SECTION 5 - Fuel

5-1. Gasoline

For gasoline egine generators, Unleaded or Regular gasoline with a lower octane rating than 85((RON/MON)/2) may cause pre-detonation (knocking) which can damage the engine. Regular gasoline can be used, however, unleaded gasoline is preferred because it reduces pollution and combustion chamber deposits. See the generator's engine owner's manual for fuel information or contact the generator set's manufacturer.
ENGINE FUEL can cause fire or explosion.

POOR QUALITY, LOW OCTANE FUEL can damage the engine.


5-2. Gaseous Fuels

Typically on LP Gaseous or Natural Gas powered unit the unit will run on either vaporous fuel source. Most gaseous fuel units are set up for a specific number of ounces of line pressure (a.k.a. as a corresponding number Inch Water Column) with some type of threaded pipe hook up. Note: Use of gaseous fuels decrease the amount of total power the generator is capable of producing by as much as 20 percent, dependent upon thermal content of fuel in your specific area. Refer to Section 8 for Gaseous Fuel Systems.

5-3. Diesel Fuel Piping and Filtration

The basic requirements of a diesel engine fuel system are adequate piping, proper selection of filters for the application and completely air-tight joints, with a minimum number of fittings to prevent air from entering the fuel lines, especially in installations where the fuel tank is lower than the pump.

5-3. A. Piping to the Tank

Vacuum at the transfer pump inlet must be avoided. If an auxiliary pump is used, pressure at the transfer pump must not be less than 0 p.s.i. nor greater than 5 p.s.i.(typical). Pressure after the return line connector assembly must not exceed 5 p.s.i. unless called for in the pump or system specification.

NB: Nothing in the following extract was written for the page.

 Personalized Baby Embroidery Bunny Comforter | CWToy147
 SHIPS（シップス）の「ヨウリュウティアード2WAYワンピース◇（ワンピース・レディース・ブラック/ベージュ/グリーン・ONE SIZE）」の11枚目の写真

NOTE: The return line must never be piped back to the transfer pump inlet side. Both supply and return line should be connected to standpipes in the tank with the opening for each 2 inches minimum from the bottom of the tank to allow space for water and sediments to settle and to eliminate siphoning problems.

5-3.B. Filter Requirements

  1. A pleated paper type filter with large area and minimum pressure drop capable of filtering out 75 - 80% of five micron particles should be used. A Master Filter is recommended since it provides sufficient area for long life and two stage filtration for maximum protection.
  2. Where water in the fuel is known to be a problem, a Master Separator is recommended.  Contact the generator manufacturer for a recommended filter.

5-3.C. Maximum Pressure Drop

Pressure drop across clean filters should not be more than 2.5 inches of mercury (1.2 p.s.i.) at full load. Pressure drop in the supply system exceeding 10 inches of mercury (4.9 p.s.i.) because of dirty filters or other restriction usually will affect pump and engine performance, (erratic operation, low power, engine stall).

5-4. Fuel Consumption

Fuel consumption is typically specified in the generator's user manual and is specified in a quantity of fuel consumed per hour based on a specified load. Refer to the generator's user manual for expected fuel consumption, which is based upon a specific load. While the generator's manufacturer may not be able to predict the consumption for your site because of the differences in the typical load, by site, an estimate a full load is typically given.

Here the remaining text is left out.